Judge: NSA phone surveillance is legal, and a 'vital tool'

The government gets a victory in a case brought by the ACLU, which charged that the spy agency was violating Americans' First and Fourth Amendment rights.
 
(Credit: Declan McCullagh/CNET)
A US district judge on Friday dismissed the American Civil Liberties Union's lawsuit against the government's top spy agency, ruling that bulk collection of telephony metadata by the NSA is lawful.
In June, the ACLU filed suit to challenge the constitutionality of the National Security Agency's mass collection of phone records, arguing that the practice violates Americans' First and Fourth Amendment rights.

 The ACLU sought a preliminary injunction to stop the government's phone-surveillance program and to have all of the collected data deleted.

In his ruling Friday in ACLU vs. James R. Clapper, US District Judge William Pauley said that the US government had a pressing need for the surveillance program as a method for detecting and preventing terrorist attacks and that it did not go to unreasonable lengths in that pursuit.
There is no evidence that the Government has used any of the bulk telephony metadata it collected for any purpose other than investigating and disrupting terrorist attacks. While there have been unintentional violation of guidelines, those appear to stem from human error and the incredibly complex computer programs that support this vital tool. And once detected, those violations were self-reported and stopped. The bulk telephony metadata collection program is subject to executive and congressional oversight, as well as continual monitoring by a dedicated group of judges who sit on the Foreign Intelligence Surveillance Court.
Pauley cited the NSA's inability to connect the telephone dots ahead of the September 11, 2001, terrorist attacks. "[Al-Qaeda's plot] succeeded because conventional intelligence gathering could not detect diffuse filaments connecting al-Qaeda," he wrote.
"No doubt, the bulk telephony metadata collection program vacuums up information about virtually every telephone call to, from, or within the United States," Pauley said in his conclusion. "That is by design, as it allows the NSA to detect relationships so attenuated and ephemeral they would otherwise escape notice. As the September 11th attacks demonstrate, the cost of missing such a thread can be horrific."

Pauley's ruling also drew a comparison between the NSA's surveillance efforts and US citizens' routine sharing of personal data. "Every day, people voluntarily surrender personal and seemingly-private information to transnational corporations, which exploit that data for profit. Few think twice about it, even though it is far more intrusive than bulk telephony metadata collection."
The ACLU vowed to press on with the case.
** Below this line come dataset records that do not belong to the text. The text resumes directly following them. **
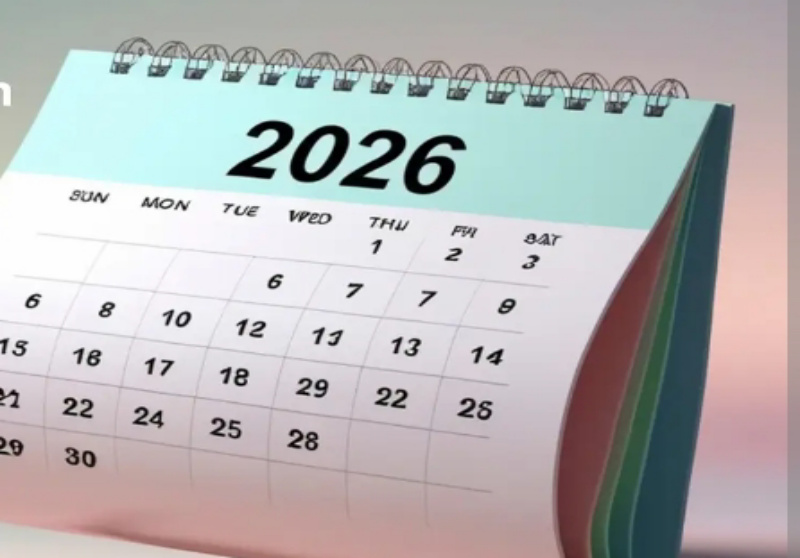 Ramadhan 2026: Panduan Awal Puasa, Jadwal Imsakiyah, dan Libur Lebaran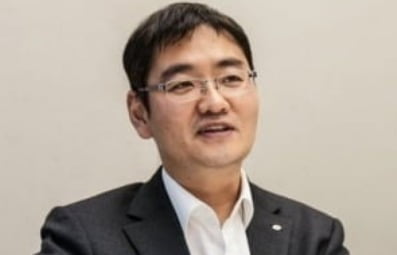 끝나지 않은 미국發 관세 전쟁
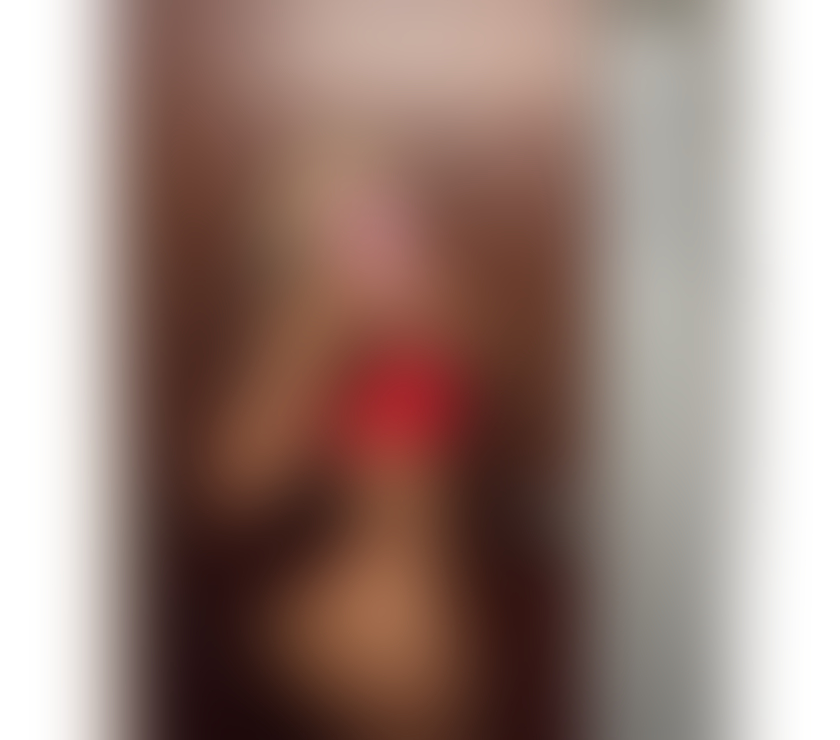 Escorts Dorset Bournemouth, Christchurch and Poole - Photos for HOT 🥵 SPICY 🌶️ GIRL NEW IN TOWN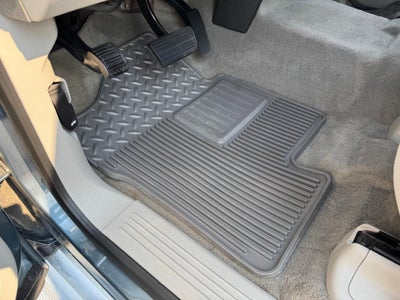 2012 Chevrolet Silverado 2500 HD LT / 2 WHEEL DRIVE / EXTENDED CAB / LONG BOX / 6.0 GAS V8 / 1 OWNER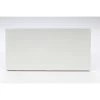 Wandtegel Tiber Glanzend Wit 15x30 Cm 1m² 1 Wandtegel Tiber Glanzend Wit 15x30 Cm 1m² -Badkamer Verkoop 123 12833
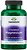 Фото Swanson Chelated Magnesium 133 мг 90 капсул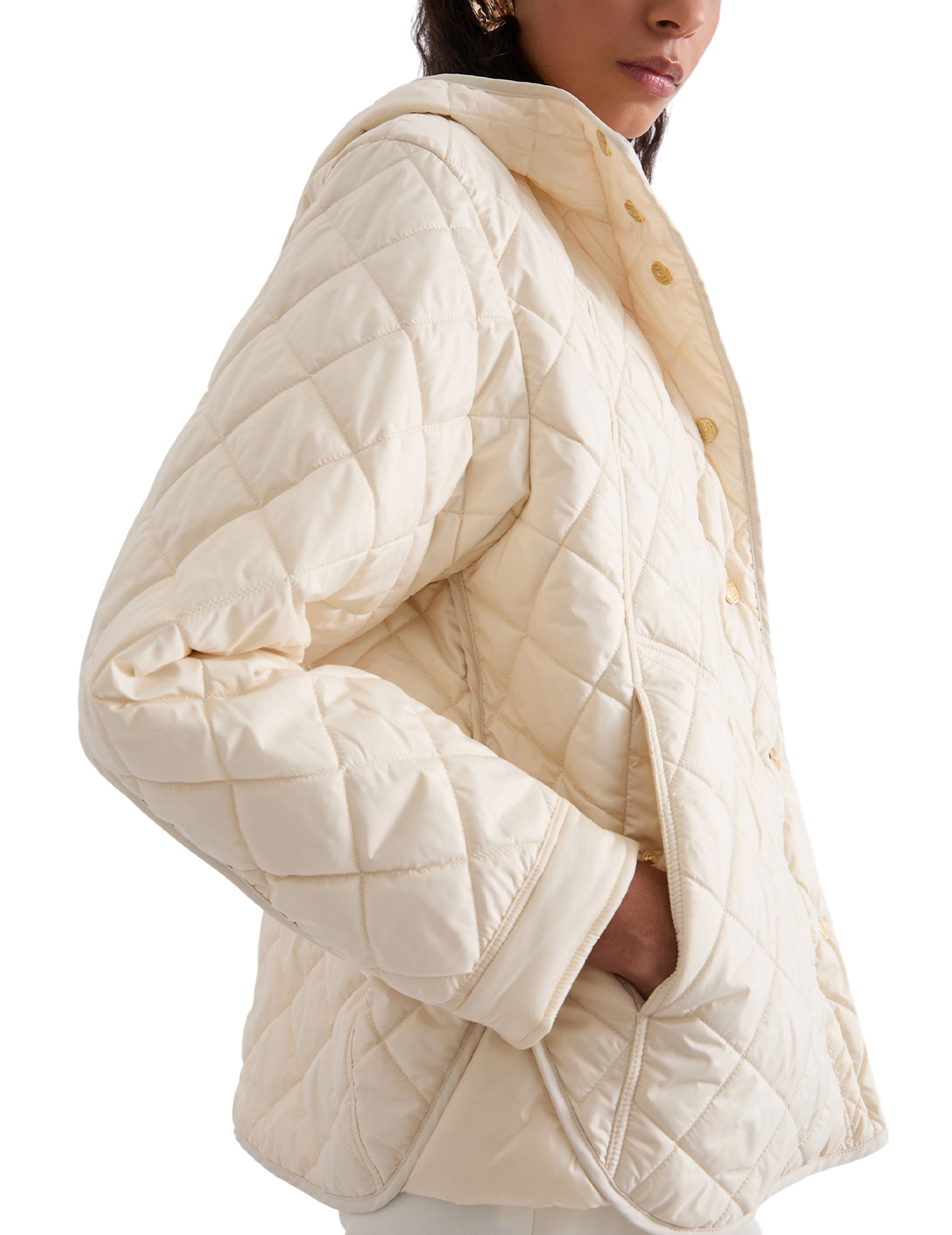 Куртка Mlsracconto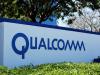 Veniturile Qualcomm scad cu 20%; Gigantul CPU semnează un parteneriat cu Huawei
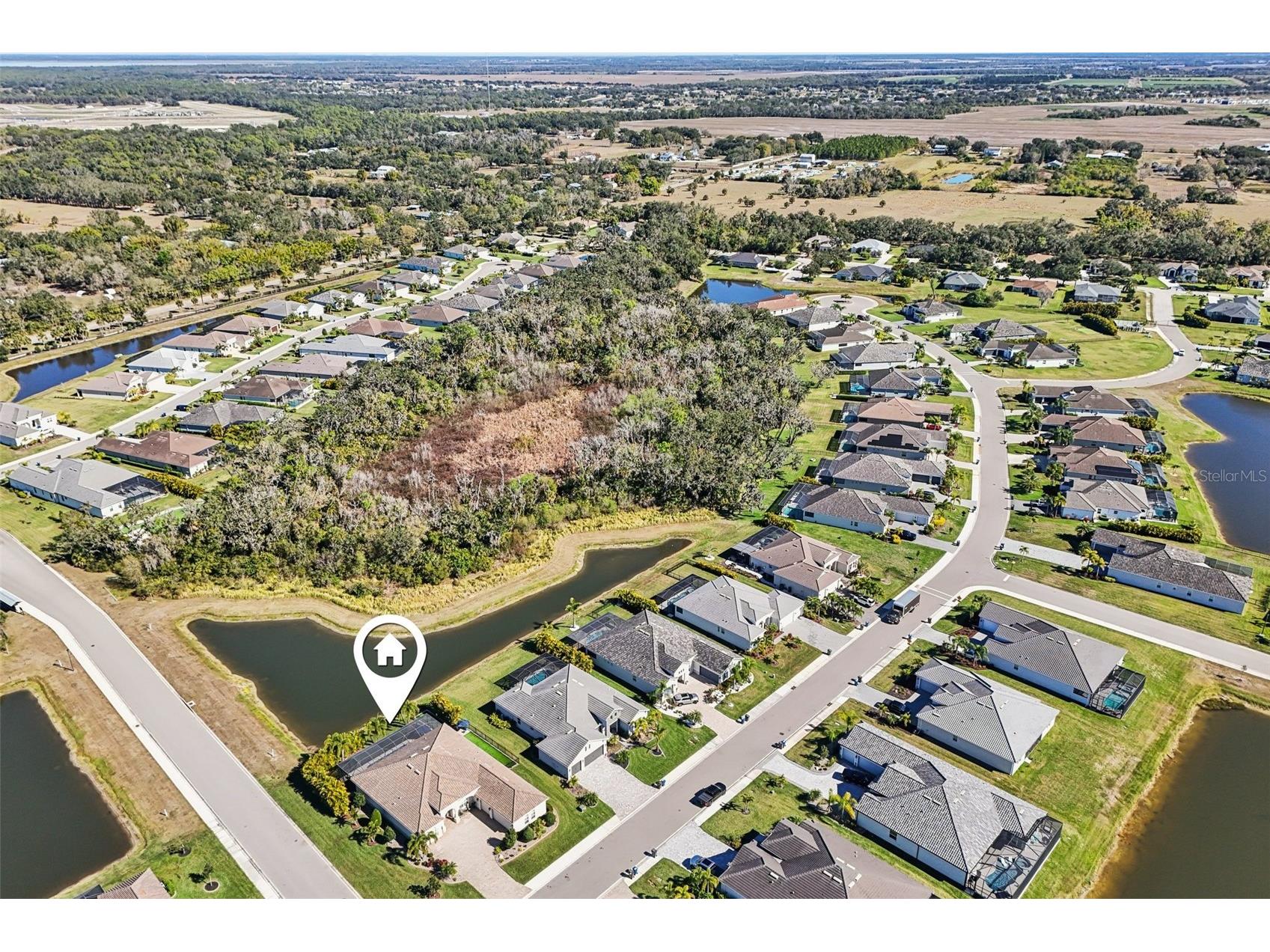 15906 39th Glen E Parrish FL 34219 TB8465270 image61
"We are extremely disappointed with this decision, which misinterprets the relevant statutes, understates the privacy implications of the government's surveillance and misapplies a narrow and outdated precedent to read away core constitutional protections," said Jameel Jaffer, ACLU deputy legal director, in a statement.

"As another federal judge and the president's own review group concluded last week, the National Security Agency's bulk collection of telephony data constitutes a serious invasion of Americans' privacy. We intend to appeal and look forward to making our case in the Second Circuit."